In 1990, after the Baltimore Jewish Times purchased the Detroit Jewish News, Jacobs moved to Detroit and had the privilege of working briefly with one of his heroes in the business: the paper’s creator and founding editor, Philip Slomovitz.

“When you come in, you can’t fill those footsteps, but you have to justice by them. I felt a tremendous responsibility in Detroit to live up to Mr. Slomovitz’s legacy,” Jacobs said.

Slomovitz also apparently had an unusual filing system.

“What he did was, if he got a letter from Golda Meir, he would stick it under the letter ‘M’ in the Encyclopedia Judaica on his bookshelf. If he got a letter from David Ben-Gurion, it would go under ‘B.’ When he died, I had to clean out his office, and I was taking every volume of the Encyclopedia Judaica and holding it upside-down, and these onion skin papers from Abba Eben, Golda Meir, David [Ben-Gurion], all ‘Dear Phil,’ you know? So I had that experience. There was even one from Hank Greenberg.” (The paper ultimately donated the letters to the Wayne State University Library, he said.)

Jacobs brought the JT’s approach to Detroit, doing exposés and covering subjects that could (and did) occasionally result in a row of rabbis outside his door on Monday morning. “I was doing my job, which meant I lived in the community, sent my kids to schools in the community,” he said. “I davened with people who I was covering” and would occasionally get cursed out by people who didn’t like him shedding light on the community’s dirty laundry.

“We got laughed at a little bit by people in the community, but we really wanted to own the Jewish community news there. We were up against people who would say, ‘We really don’t want controversial news. We want to be able to sit down with our Detroit Jewish News or our Baltimore Jewish Times on Friday night and relax with it.’”

‘It was a hand-wringing story’

Jacobs gave an understated nod to his award-winning reporting uncovering years of sexual molestation within Baltimore’s Orthodox community. Sometimes, however, even the most seemingly mundane community goings-on ended up the stuff of controversy as well.

He offered as an example the public debate over keeping the Owings Mills JCC open on Shabbat, which occurred right when he returned to Baltimore and the JT in 1997. “It was controversial because the Orthodox community here in Baltimore is so big and so powerful, but the issue was that the Owings Mills JCC couldn’t compete with Gold’s Gym and all these other fitness places out in Owings Mills If they weren’t open on Saturday.”

For the community, “it was a hand-wringing story,” he said. The JT even had to take an editorial stance on the matter.

When the Internet came into play for journalism in the 2000s, people could get their Jewish news almost anywhere.
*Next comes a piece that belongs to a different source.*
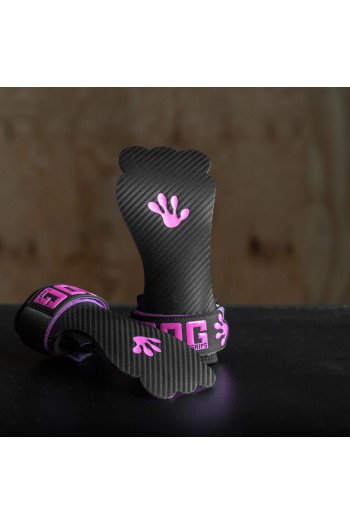 Грипове за ръце ELITE GRIPS 4.0 - HD Fingerless -Розави Cross-Training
Papers like the JT faced (and continue to face) the challenge of how to stay unique, he pointed out.

“At one time, I don’t want to say they monopolized, but at one time they were the source. We would get calls all the time from other news organizations asking us what we thought of military action in Israel or Iran or Egypt or something going on in the Jewish community in Baltimore, so we were prepared for that. But then, you know, they didn’t call us anymore.”

Now in his eighth year of teaching Jewish History at Beth Tfiloh Dahan Community School in Pikesville, Jacobs says he is having “the career time of his life.”

Jacobs addressing his class at Beth Tfiloh Dahan Community School in Pikesville. (David Stuck)

Jacobs had always flirted with the idea, he said: In Detroit, a friend invited him to teach a current events class once a week at a local temple, or he would answer the summons for a substitute teacher. When he came back to Baltimore, he taught history and current events at different schools a few times a week; when he stopped doing journalism full time and was freelancing, Dr. Tzipi Schorr at Beth Tfiloh reached out to see if he would teach Jewish history.

“I never thought I’d be teaching full time at a Jewish high school, but it’s been a total reinvention, and the school has been wonderful and the kids are wonderful.”

Jacobs is also in his second year of teaching a class called “Modern Problems.” He modeled it on a course from his own high school years where the teacher would bring in some of the most controversial issues of the day. “Back in 1970, those issues included racism and antisemitism — the same stuff we’re talking about today, just a different way of packaging it.”

“I love it,” he said effusively. “The kids are so ready to speak and ready to learn, so it’s been a real amazing experience.”

Given its relevance today— and Jacobs’s background— it’s not surprising that media literacy and media bias are among the subject matter. Embedded as he is among the upcoming generation of the Jewish community, he observes trends in their media consumption worth noting.

“I see a lot of narrowcasting that goes on, so the kids are going to get their information from one place. They’re not going to hear what the other side has to say. Not everybody, but I find that a lot; instead of kind of a broadcast, they-re getting a narrative.” He gives his students “doses” of news from different sources, both in American and Israeli media, exposing them to other views and giving them practice discussing opposing views “in a respectable way.”

Another concern for Jacobs was where kids are getting their news. Not only are print newspapers not on their radar, but websites and social-media platforms that used to be the new frontier of news are in the rearview mirror from their perspective. “They’re getting push alerts [on their phones] and going on TikTok,” he said. “I do teach adult education, and the adults are still going to sources that we’re familiar with, even newspapers, but the younger [people], not so much.”

His advice to Jewish media outlets: “If you’re not on where they’re at, they’re not going to look for you.” Instagram, TikTok, Twitter and podcasts are “everything,” he said.

Additionally, outlets that want a future need to have a digital editor: not just someone who puts stories online, but who is also actively immersing themselves in the social, cultural and intellectual discourse on these platforms, and hearing points of view they don’t necessarily agree with but need to know.

“Or we’ll lose them,” he stated plainly. “We’re just going to lose them.”